Der Weg zur deutschen Einheit (II)

Der Freiheitswille im Osten Europas bricht sich Bahn

Von Wolfgang Bergsdorf

In 10 Wochen schafften es die Deutschen in der DDR, das kommunistische Regime ohne Bürgerkrieg abzuschütteln ©seppspiegl

Es wäre ein Fehler, die Ereignisse von 1989 in Ostdeutschland ohne Blick auf das osteuropäische Umfeld zu bewerten. Denn jenes Jahr ist, ohne Frage, als Jahr der Selbstbefreiung Osteuropas in die Geschichtsbücher eingegangen. Ein Jahrzehnt brauchten die Polen, um die kommunistische Herrschaft zentimeterweise abzutragen, bevor in Warschau ein erster frei gewählter Nachkriegspremier an die Spitze der Regierung gelangte. Rund 10 Monate benötigten die Ungarn für eine ähnliche Entwicklung. In 10 Wochen schafften es die Deutschen in der DDR, das kommunistische Regime ohne Bürgerkrieg abzuschütteln. Die Tschechen und Slowaken erreichten ihre Selbstbefreiung in 10 Tagen. In Rumänien fiel die Entscheidung gegen die Diktatur in wenig mehr als 10 Stunden cod.

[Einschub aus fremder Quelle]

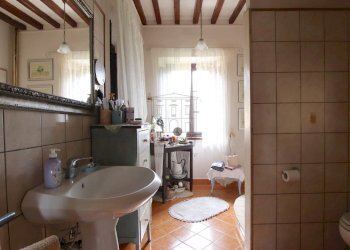 vendesi casa di corte antica con giardinoIMG_9883. - Townhouse Via Pesciatina, Capannori - photo 25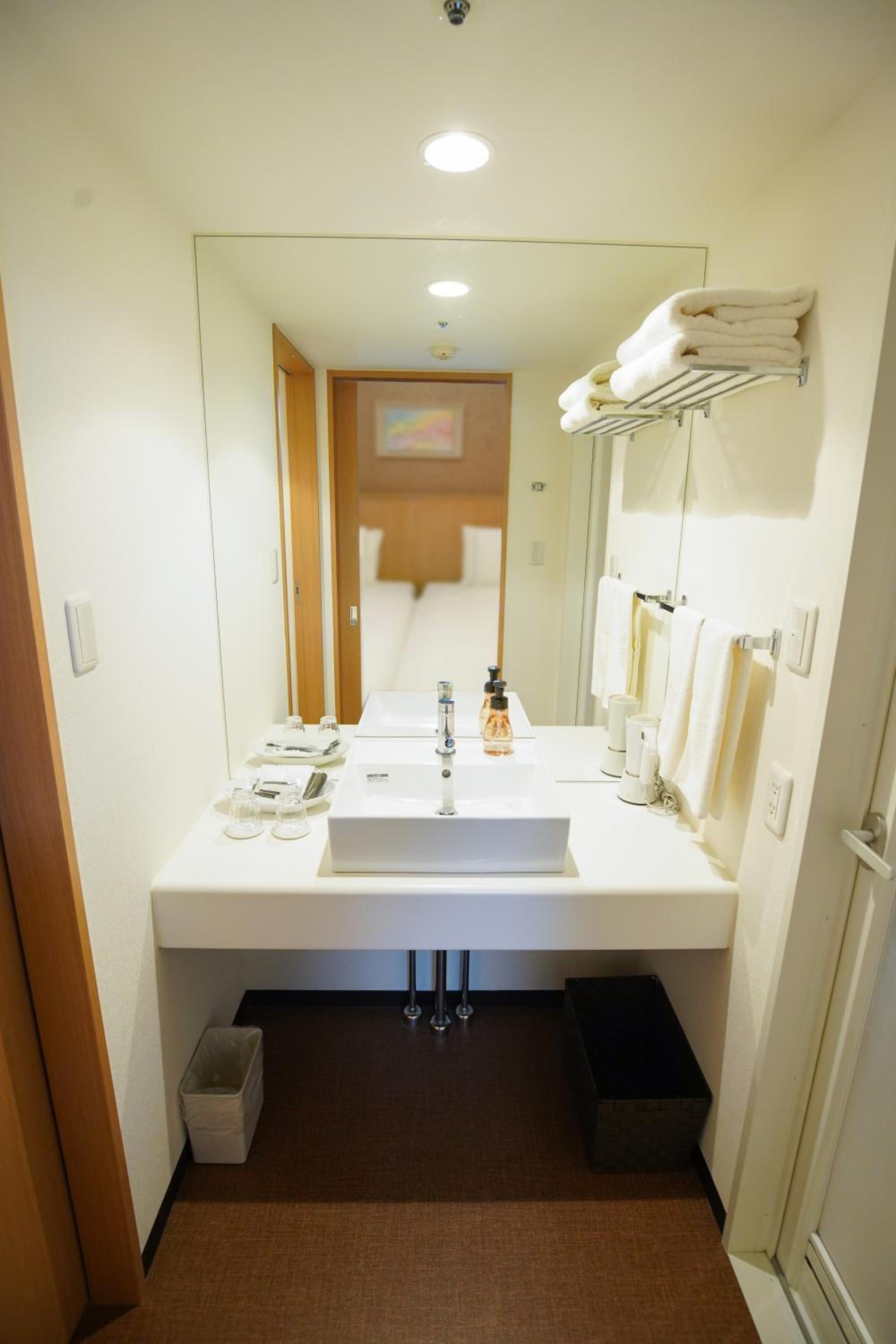 Triple Room - Non-Smoking photo 2
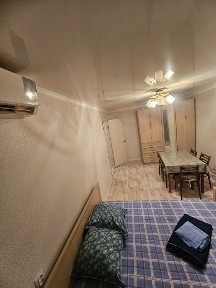 Сдается по суточна 1 комнатная квартира в районе универсам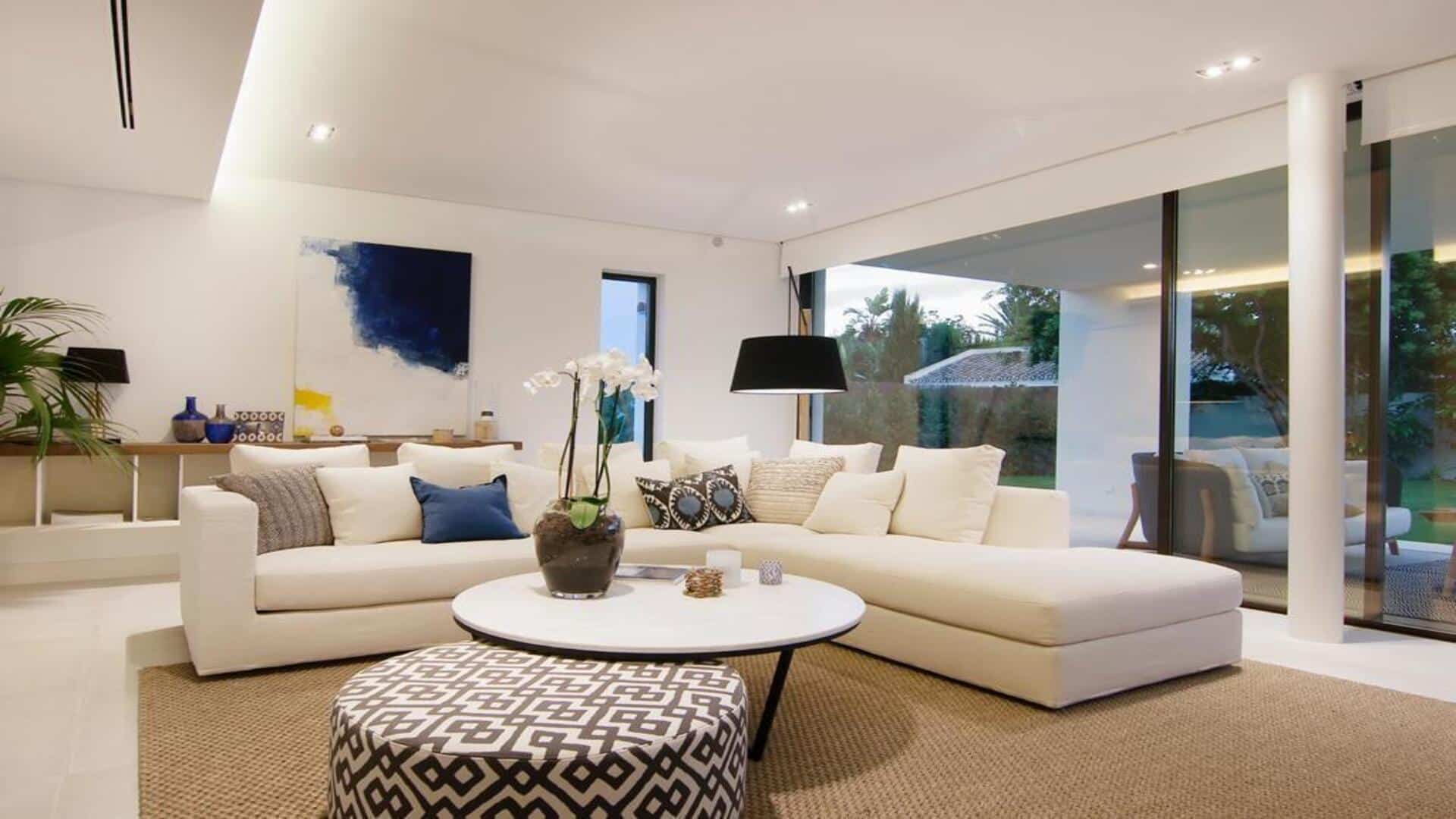 Villa excepcionalmente moderna junto a la playa situada en el exclusivo barrio de Casasola, Estepona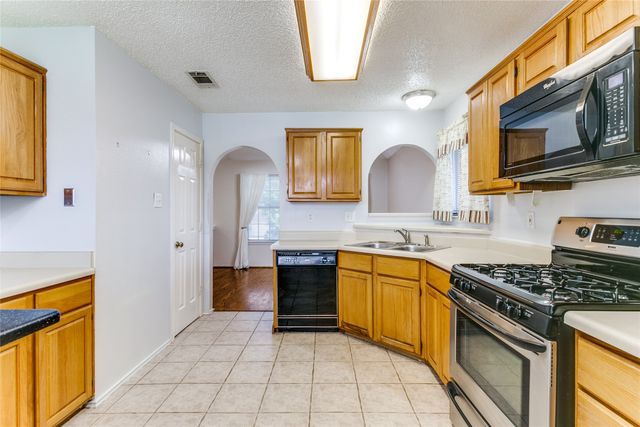 2604 Potomac Drive, Euless, TX 76040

Das Zwangssystem implodiert

Dieser Zeitvergleich zeigt die Rasanz der Beschleunigung, mit der sich die Ansteckungskraft  und die Dynamik der Freiheit gegen ihre nur scheinbar omnipotenten Unterdrücker durchsetzten. Die Implosion der kommunistischen Systems in Mittel- und Osteuropa hat das Thema der Deutschen Einheit sicher nicht über Nacht, wohl aber von Monat zu Monat unabweisbarer auf die Tagesordnung der deutschen und der internationalen Politik gebracht. Die wichtigste Voraussetzung war die zunächst wenig bemerkte Verabschiedung von der so genannten Breschnew-Doktrin durch den neuen Generalsekretär der KPdSU, Michail Gorbatschow.

Vernon Walters

Damit endete die Verpflichtung der Sowjetunion, den sozialistischen „Bruderstaaten“ im Falle von Aufständen mit Waffengewalt zu Hilfe zu kommen auto games to. Dies verleitete seinerzeit den gerade ein Amt als neuer amerikanischer Botschafter in Deutschland angetretenen Vernon Walters im April 1989 zu der Voraussage, dass es noch zu seiner Amtszeit zur Wiedervereinigung Deutschlands kommen werde. Im Sommer nutzten tausende von DDR-Bürgern ihren Urlaub, um in den westdeutschen Botschaften in Prag, Budapest und Warschau ihre Ausreise in die Bundesrepublik Deutschland zu erzwingen.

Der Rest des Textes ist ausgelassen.